After aiming its weapons at the U.S. capital, North Korea's propaganda is now presenting the destruction of military targets, U.S. fighter jets and supercarriers.

A video released by the state-controlled website DPRK Today Sunday opens with images of President Donald Trump giving a speech on the occasion of the U.S. Air Force's 70th Anniversary at Joint Base Andrews, with ominous music playing in the background and text branding Trump a "madman."

The video then moves on to show ground-launched and submarine-launched North Korean missiles targeting the U.S. F-35 and B-1B aircrafts as well as the USS Carl Vinson, a nuclear-powered flattop.

Doctored images show both the jets and the vessel going up in flames, as well as the burning of an American flag on the backdrop of white crosses typical of American cemeteries.

"Should F-35, B-1B and the Carl Vinson lead the U.S. attack, they will head to the grave in that order," the subtitles read, translated by the South Korean news agency Yonhap.

The latest release of propaganda images came a few hours after the U.S. flew B-1B Lancer bombers from the airbase in the U.S. island of Guam, along with F-15C Eagle fighter escorts from Japan, into international airspace over waters east of North Korea in a show of force.

The U.S. Department of Defense said it was the furthest north of the Demilitarized Zone (DMZ) U.S. fighter of bomber aircraft have flown off the North Korean coast this century.
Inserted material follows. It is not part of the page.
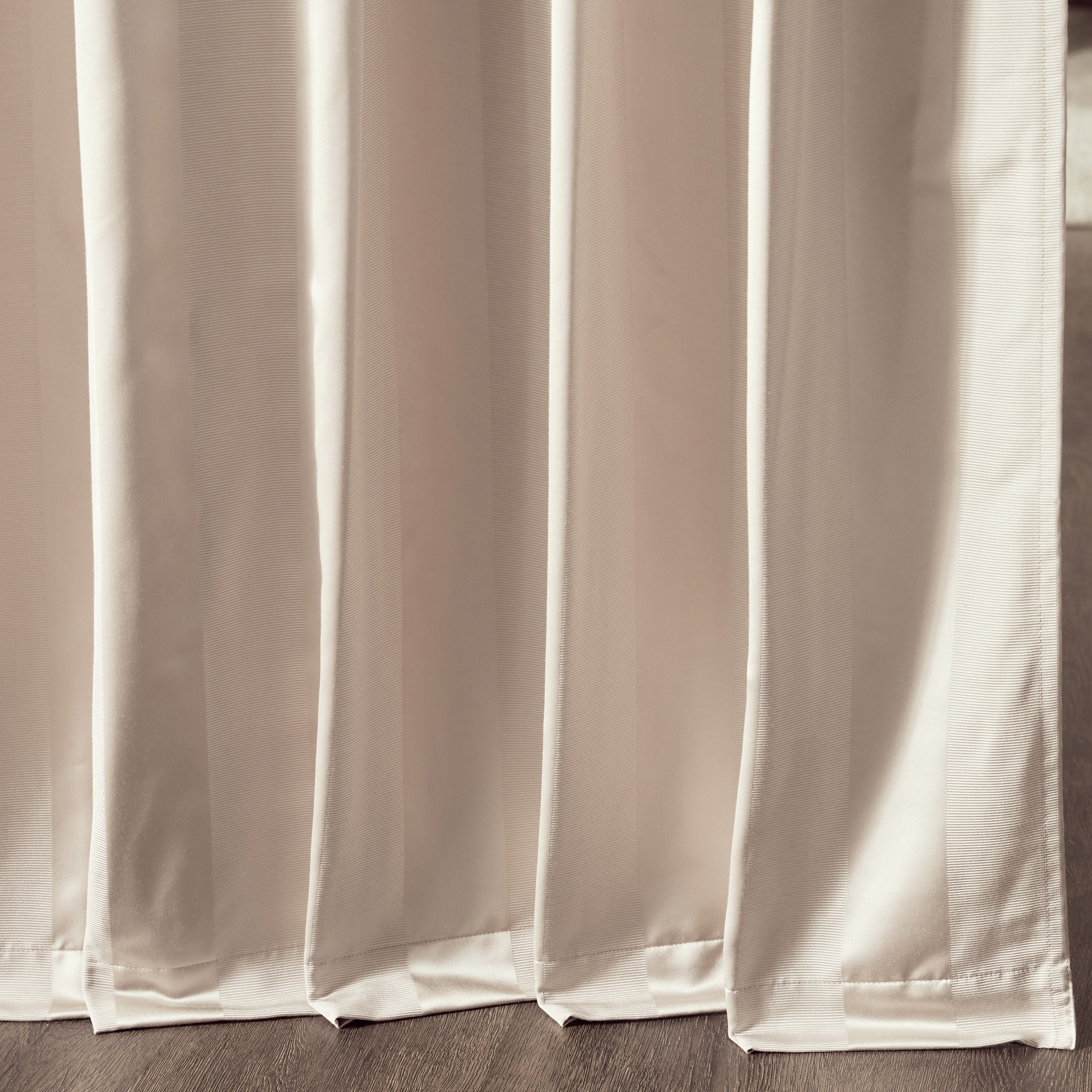 طقم ستائر مقلّمة قطعتين 135x240 سم-household-windows-curtains-image-8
This showed "the seriousness with which we take DPRK's reckless behavior," the Pentagon said in a statement, referring to North Korea with its official name, Democratic People's Republic of Korea (DPRK).
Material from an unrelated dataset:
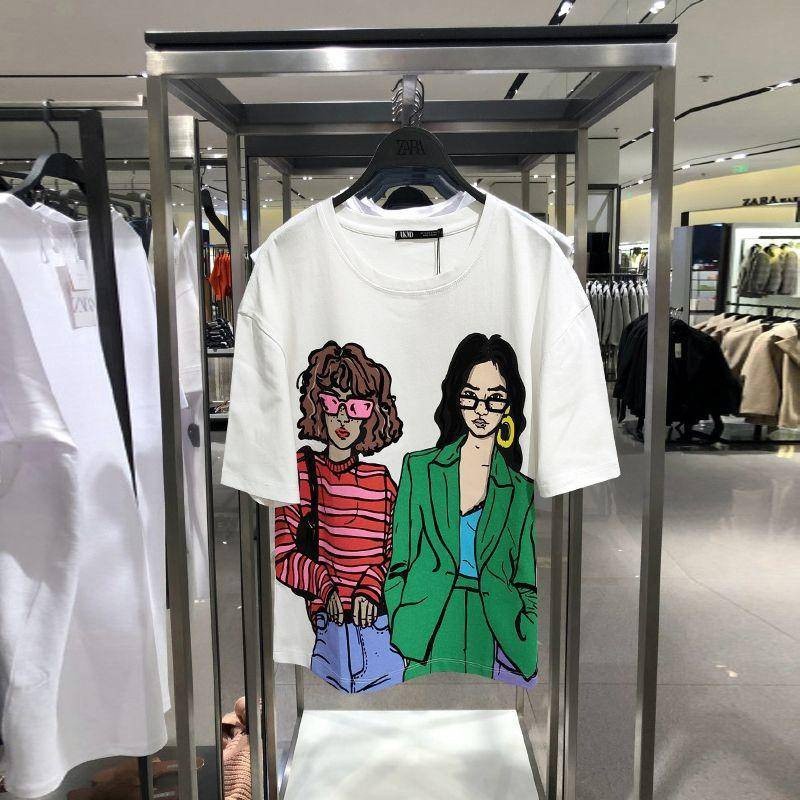 ZARA ซาร่า เสื้อผ้าผู้หญิงใหม่/เสื้อยืดคอกลมแขนสั้นพิมพ์ลายแฟชั่น/เสื้อยืด 24213523 ราคา ถูกที่สุด ดีลบีเคเค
"This mission is a demonstration of U.S. resolve and a clear message that the President has many military options to defeat any threat," the statement added.

Tensions between the U.S. and North Korea continue to flare as the North Korean and the American leaders exchanged insults and threats over the past week.
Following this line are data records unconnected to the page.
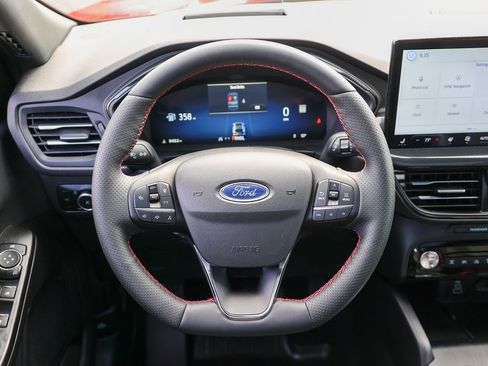 Certified 2025 Ford Escape ST-Line Elite w/ Premium Technology Package AWD/4WD image 10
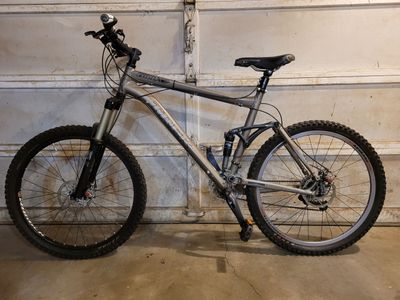 TREK Fuel X-7 30x17 Oversize Mountain Bike $200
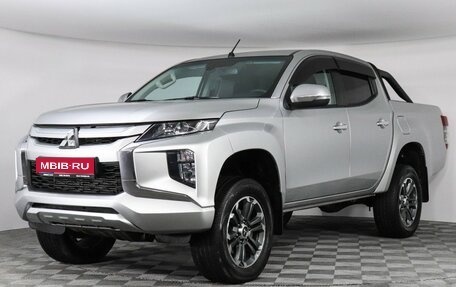 Mitsubishi L200 IV рестайлинг, 2019 год, 2 850 000 рублей, 1 фотография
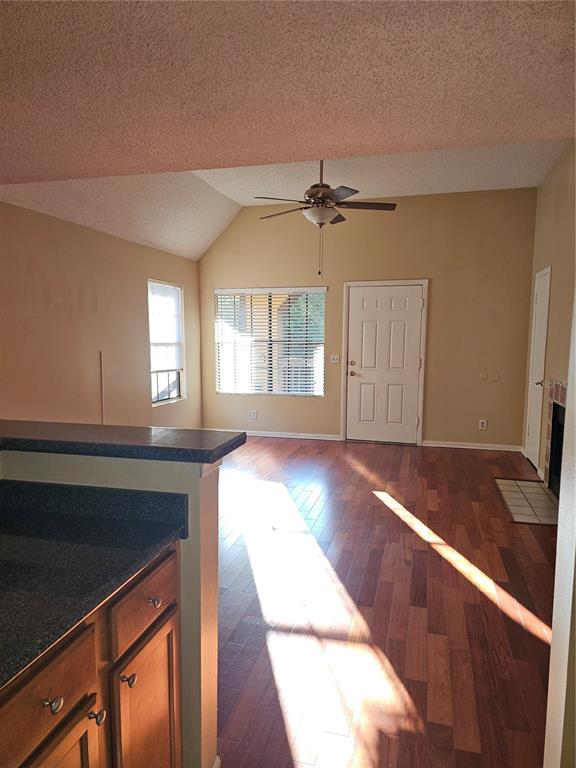 415 Lakepointe Drive, Unit 204 Altamonte Springs, FL 32701 - Photo 4 of 9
Speaking at the U.N. General Assembly Saturday, North Korea foreign minister Ri Yong Ho warned that Trump's labeling of Kim Jong Un as "rocket man" made "our rockets' visit to the entire U.S. mainland inevitable." Trump reacted on Twitter saying that if Ri echoed "the thoughts of Little Rocket Man, they won't be around much longer!"

The North Korean state-controlled media have been using Trump's aggressive rhetoric to undermine his position as a world leader and justify Pyongyang's pursuit of nuclear weapons.

An article published by the state-run KCNA news agency Monday quoted Ri Chang Yong, head of a department of Pyongyang University of Foreign Studies, calling Trump "not a politician but a villain." The article then concluded: "The DPRK, possessed of the strongest nuclear weapons and military hardware, will surely and mercilessly exterminate those Trump-led war maniacs."